Authors: Alfaverh, Fayiz1 (AUTHOR), Gan, Hock1,2 (AUTHOR), Miroshnyk, Volodymyr2,3 (AUTHOR), Bin Saeed, Zaid3,4 (AUTHOR), Blinov, Ihor2,4 (AUTHOR), Shymaniuk, Pavlo2 (AUTHOR), Tarassodi, Pouya3 (AUTHOR), Mporas, Iosif1 (AUTHOR)
Source: Energies (19961073). May2026, Vol. 19 Issue 9, p2045. 29p.

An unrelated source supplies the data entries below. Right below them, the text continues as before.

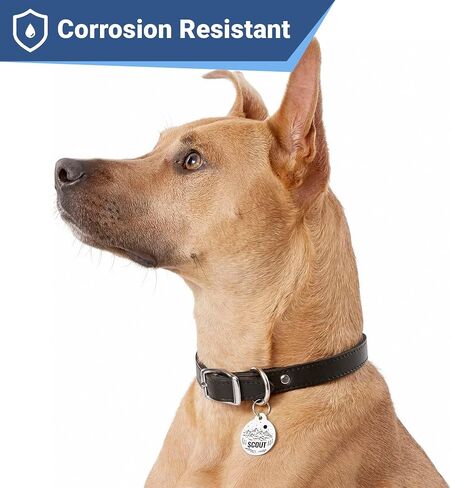 GoTags Stainless Steel Designer Pet ID Tags, Personalized Dog Tags and Cat Tags, up to 5 Lines of Custom Text, Mountain and Flower Design in Silver, Gold, Black, Blue and More (Round, Small) in Saudi Arabia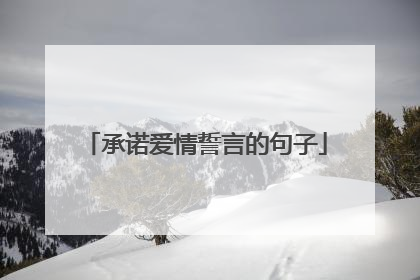 承诺爱情誓言的句子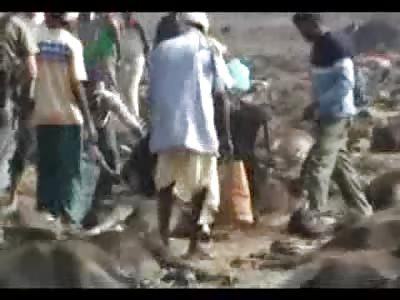 Friend of Kelly Cyclone was Shot Dead,   Kellynha Cyclone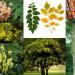 Seme drveća: Koelreuteria - Lampion drvo (seme), slika2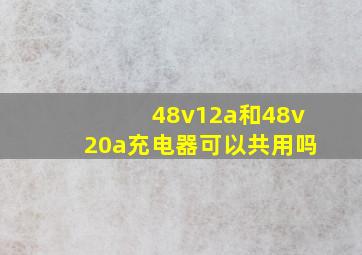 48v12a和48v20a充电器可以共用吗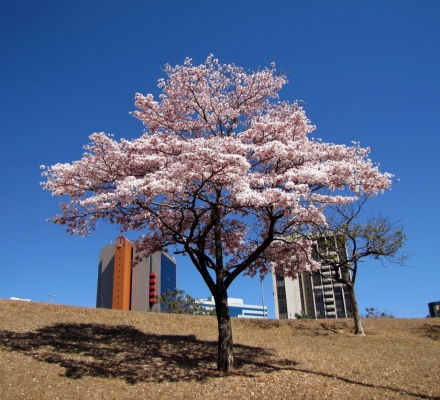 Tabebuia roseoalba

Subject Terms: *Machine learning, *Decision trees, *Smart power grids, *Feature selection
Abstract: Electricity theft is a critical source of non-technical losses in modern power systems, causing substantial financial and operational challenges for utilities. Traditional detection methods, such as manual inspections, are inadequate to detect advanced theft techniques, including meter tampering and cyberattacks on smart grids. This study introduces a machine learning-based framework for electricity theft detection using the TDD2022 dataset (derived from OEDI) and evaluates multiple algorithms—Random Forest, Decision Tree, XGBoost, LightGBM, CatBoost, Extra Trees, and Logistic Regression. To address class imbalance, SMOTE is applied, while feature selection leverages LASSO and ReliefF. Experiments compare electricity-only data with multi-utility inputs (electricity and gas) under balanced and imbalanced conditions. Results show that tree-based ensembles, particularly Extra Trees combined with SMOTE and ReliefF, achieve superior performance (accuracy > 95 % , AUC ≈ 0.99 ). Consumer-specific models outperform global models, with commercial classes yielding near-perfect detection, while residential profiles remain challenging. The findings highlight the importance of tailored modeling and feature selection for scalable, accurate theft detection in smart grid environments. [ABSTRACT FROM AUTHOR]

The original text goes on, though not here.